The ICAEW Report relates to the events which unfolded during a High Court case. The details of this are to be found in our publication THE ACCOUNTANTS' LAUNDROMAT. Briefly, the case centred around the involvment of a small firm of accountants in money laundering. It involved accountants and non-accountants (e.g. Griffin, Humphrey) from England, the Isle of Man, Jersey, Tunisia, France and other places. It involved the use of companies registered in England and France. The money passed through banks in England.

In his judgement in AGIP (Africa) Limited v Jackson & Others (1990) 1 Ch. 265, Mr. Justice Millett said that

"Mr. Jackson and Mr. Griffin knew .... of no connection or dealings between the Plaintiffs and Kinz or of any commercial reason for the Plaintiffs to make substantial payments to Kinz. They must have realised that the only function which the payee companies or Euro-Arabian performed was to act as "cut-outs" in order to conceal the true destination of the money from the Plaintiffs .... to make it impossible for investigators to make any connection between the Plaintiffs and Kinz without having recourse to Lloyds Bank's records; and their object in frequently replacing the payee company by another must have been to reduce the risk of discovery by the Plaintiffs”.

“Mr.

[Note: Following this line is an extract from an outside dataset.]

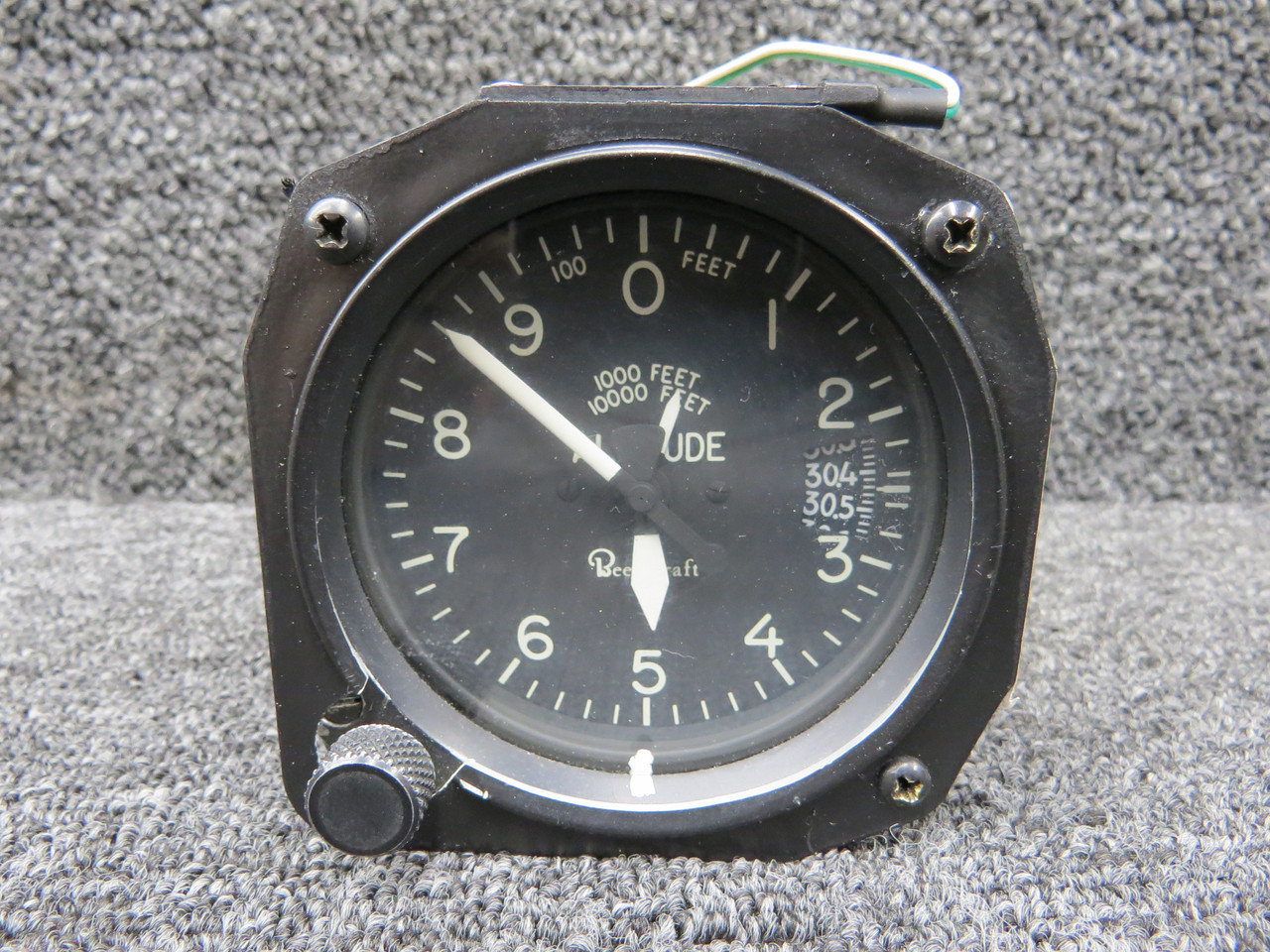 5934A-A106 United Instruments Altimeter Indicator (Lighted)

Jackson and Mr. Griffin are professional men. They obviously knew they were laundering money. .... It must have been obvious to them that their clients could not afford their activities to see the light of the day. Secrecy is the badge of fraud. They must have realised at least that their clients might be involved in a fraud on the plaintiffs”.

He also said that

“Jackson & Co. were introduced to the High Holborn branch of Lloyds Bank Plc. in March 1983 by a Mr Humphrey, a partner in the well known firm of Thornton Baker [now part of Grant Thornton]. They probably took over an established arrangement. Thenceforth they provided the payee companies... In each case Mr Jackson and Mr Griffin were the directors and the authorised signatories on the company's account at Lloyds Bank. In the case of the first few companies Mr Humphrey was also a director and authorised signatory”.

Successive governments fobbed off any questions about the affair by arguing that the ICAEW had conducted an investigation. Of course, this report was not published. It was not shown to Jackson and Griffin.